Quartalszahlen enttäuschen trotz starkem Jahreswachstum
Die Bilanz für 2025 liest sich zunächst beeindruckend: Der Umsatz stieg um 179 Prozent auf 24,6 Millionen Dollar, die Bruttomarge erreichte 83 Prozent. Doch im vierten Quartal blieb D-Wave hinter den Prognosen zurück. Mit 2,75 Millionen Dollar Umsatz verfehlte das Unternehmen die erwarteten 3,72 Millionen Dollar um 26 Prozent. Der bereinigte Verlust je Aktie lag bei 0,09 Dollar – die Analysten hatten 0,06 Dollar erwartet.
Der Nettoverlust für Q4 weitete sich auf 31,8 Millionen Dollar aus. Evercore ISI und Mizuho reagierten mit reduzierten Kurszielen. Bei einer Marktkapitalisierung von knapp 6,7 Milliarden Dollar ergibt sich ein Kurs-Umsatz-Verhältnis von über 260 – eine Bewertung, die wenig Spielraum für Enttäuschungen lässt.
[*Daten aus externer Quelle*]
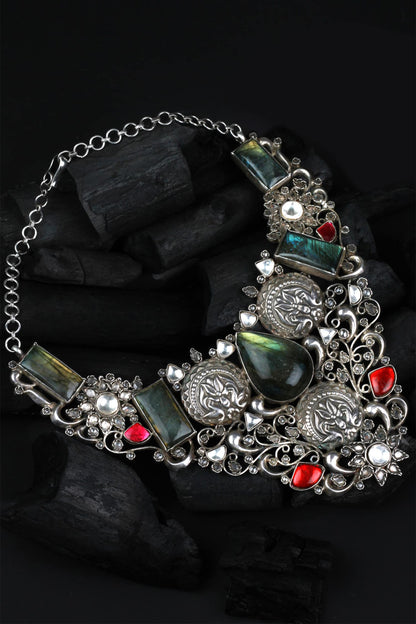 Handcrafted Stone Necklace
Starker Auftragseingang signalisiert Geschäftsdynamik
Die Auftragslage zeichnet ein positiveres Bild. Im Januar 2026 allein verzeichnete D-Wave Buchungen von über 30 Millionen Dollar. Bis zum 25. Februar summierte sich der Auftragseingang im laufenden ersten Quartal bereits auf 32,8 Millionen Dollar.
Zu den Großaufträgen zählt ein 20-Millionen-Dollar-Vertrag mit der Florida Atlantic University über einen Advantage2-Quantencomputer. Ein Fortune-100-Unternehmen schloss zudem einen zweijährigen Quantum-Computing-as-a-Service-Deal über 10 Millionen Dollar ab. In Europa sicherte sich D-Wave einen 10-Millionen-Euro-Auftrag für ein Advantage2-System. Mit über 100 zahlenden Kunden, darunter mehrere Forbes-Global-2000-Konzerne, verbessert sich die Umsatzvisibilität.
Quantum Circuits Übernahme erweitert Technologieportfolio
D-Wave gab die Übernahme von Quantum Circuits Inc. bekannt – ein strategischer Schritt mit weitreichenden Folgen. Der Kaufpreis beträgt 550 Millionen Dollar, bestehend aus 300 Millionen Dollar in D-Wave-Aktien und 250 Millionen Dollar in bar.
Quantum Circuits entwickelt fehlerkorrigierte supraleitende Gate-Model-Quantensysteme. Die Dual-Rail-Qubits des Unternehmens identifizieren 90 Prozent aller Fehler und erreichen Gate-Genauigkeiten von über 99,9 Prozent. D-Wave kombiniert diese Technologie mit seinen eigenen Annealing-Systemen und will so als erster Anbieter vollständig fehlerkorrigierte, skalierbare Gate-Model-Quantencomputer auf den Markt bringen.
Neue Struktur für Regierungsgeschäft
Das Unternehmen gründete eine eigene Geschäftseinheit für den US-Regierungsmarkt. Jack Sears Jr., ein Branchenveteran mit über 25 Jahren Erfahrung im Vertriebs- und Regierungsgeschäft, leitet die neue Sparte. Parallel verlagert D-Wave seinen Hauptsitz und seine Forschungseinrichtung nach Boca Raton, Florida, um die Entwicklung seiner Annealing-Quantencomputer voranzutreiben.
Aktie unter Marktdruck
Am 1. März notiert die D-Wave-Aktie bei 18,78 Dollar. Die 52-Wochen-Spanne reicht von 4,45 bis 46,75 Dollar. High-Beta-Technologiewerte stehen 2026 generell unter Druck, da Anleger ihre Bewertungsmodelle angesichts hartnäckiger Inflation und der Erwartung anhaltend hoher Zinsen überdenken. Für Quantencomputing-Titel mit ungewissen Kommerzialisierungszeitplänen ist dieses Umfeld besonders herausfordernd.
Analysten von S&P Global Market Intelligence erwarten mehrheitlich, dass D-Wave ab 2028 einen positiven Free Cashflow generieren könnte. Die nächsten Quartalszahlen legt das Unternehmen am 20. Mai 2026 vor – ein wichtiger Termin, um zu prüfen, ob sich der starke Auftragseingang in Umsatzerlösen niederschlägt und die Integration von Quantum Circuits planmäßig verläuft.